L’Université de Bordeaux a reçu une vingtaine de propositions de charte audio, soumises par Getasound. « Tous les projets étaient très bien présentés par les musiciens, qui expliquaient et justifiaient leur création, compte tenu de ce qu’ils avaient compris du brief artistique », souligne Blandine Laccassagne. Le service communication s’est réuni à plusieurs reprises, afin de déterminer les plus et les moins de chaque proposition. « Pour désigner le projet vainqueur, il a fallu s’extraire du “j’aime/je n’aime pas”, et se demander si la musique portait la personnalité de l’université. »
Marvin Bouanani insiste : « L’idée n’est pas forcément de plaire subjectivement, mais de correspondre à la marque objectivement. »
Pour la chargée de communication, le choix a été évident : « Dès le début, j’ai préféré la création de Jean Clémence : une musique dynamique, le bon ton, les bons instruments… Il avait tout à fait compris. » Coïncidence : comptable de métier et passionné de musique, le compositeur Jean Clémence était, lui aussi, étudiant à l’Université de Bordeaux.
Une mélodie unique et caractéristique
D’après Marvin Bouanani, « la musique est un vecteur d’émotions et de valeurs. » Celles de l’Université de Bordeaux, ancienne de 575 ans, sont les suivantes : partage, réussite, ambition, ouverture au monde et innovation. Par sa charte sonore, l’université cherche à renvoyer l’image d’une institution tournée vers l’avant, tout en conservant son patrimoine historique et culturel.
« Pour retranscrire l’identité à la fois prestigieuse et moderne de l’université, la composition musicale mêle deux univers : une base orchestrale incluant des instruments classiques, tels que le violon et le piano, contrasté avec des influences plus contemporaines, comme des rythmiques hip hop et parfois électro », décrit le cofondateur de Getasound.
Résultat : « L’université dispose à ce jour d’une charte sonore très complète : un ADN sonore, dont sont issues une vingtaine de déclinaisons musicales », détaille Blandine Laccassagne.
Parmi elles :
- un logo sonore, comme signature rythmique ;
- une mélodie d’attente téléphonique ;
- deux versions d’accompagnement musical pour les montées événementielles ;
- un habillage audio pour les vidéos et les réseaux sociaux ;
- un générique pour les podcasts, ainsi que trois virgules sonores.

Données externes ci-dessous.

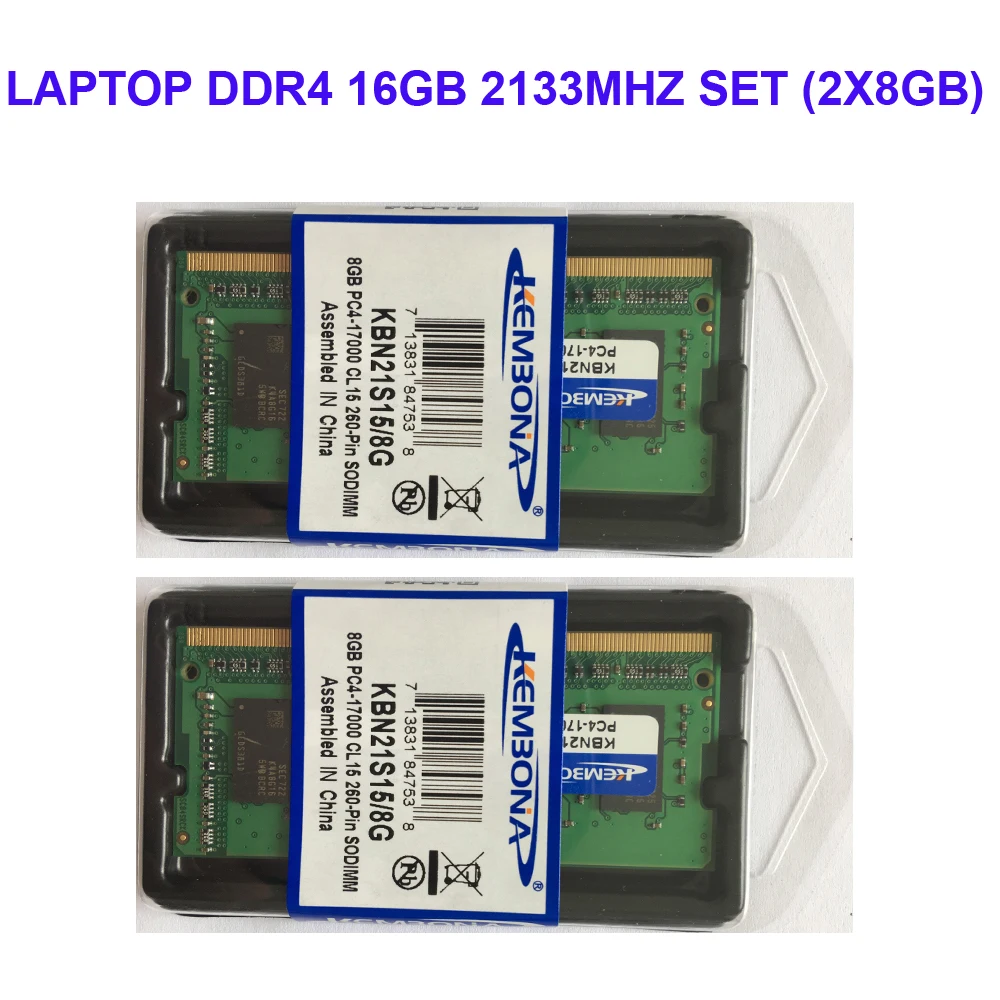 Kembona ноутбука DDR4 16 GB KIT (2X8 GB) Оперативная память памяти 2133 МГц 2666 Memoria 260-pin SODIMM ОЗУ Stick Бесплатная доставка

Au total, la réalisation du projet a duré cinq mois - un délai allongé en raison des autres priorités de l’université, liées à la crise sanitaire - et coûté 8 200 euros. Un prix qui comprend l’audit et la cession des droits patrimoniaux.
Ce qu’en dit le compositeur
« En ce qui concerne l’ADN sonore, j’ai voulu travailler sur quatre phases différentes représentant chacune 4 facettes de l’université. La première phase vient définir l’image de l’université, à savoir, le côté historique et prestigieux. La seconde retranscrit les valeurs de partage et d’innovation. La troisième partie est un mélange entre le classique et le style urbain dans le but de montrer que l’université sait s’adapter et vivre avec son temps. La quatrième et dernière partie diffuse une image d’ouverture sur le monde », indique Jean Clémence.
Une identité sonore à la hauteur des ambitions de l’université
À l’image de l’ensemble du service communication de l’université, Bandine Laccassagne est satisfaite de cette collaboration, « à la hauteur de ses ambitions. » Elle espère que, dès la rentrée, la charte sonore sera aussi éloquente que la charte graphique de l’établissement. « À nous de la déployer, de nous en emparer et de faire vivre cette identité », livre la chargée de communication.
Une expérience autour de l’univers du son qui lui a beaucoup apporté : la semaine dernière, elle participait à une formation aux podcasts. Un support technique, que l’université aimerait employer. Quant à la start-up Getasound, d’autres projets sont en cours, notamment pour des établissements scolaires.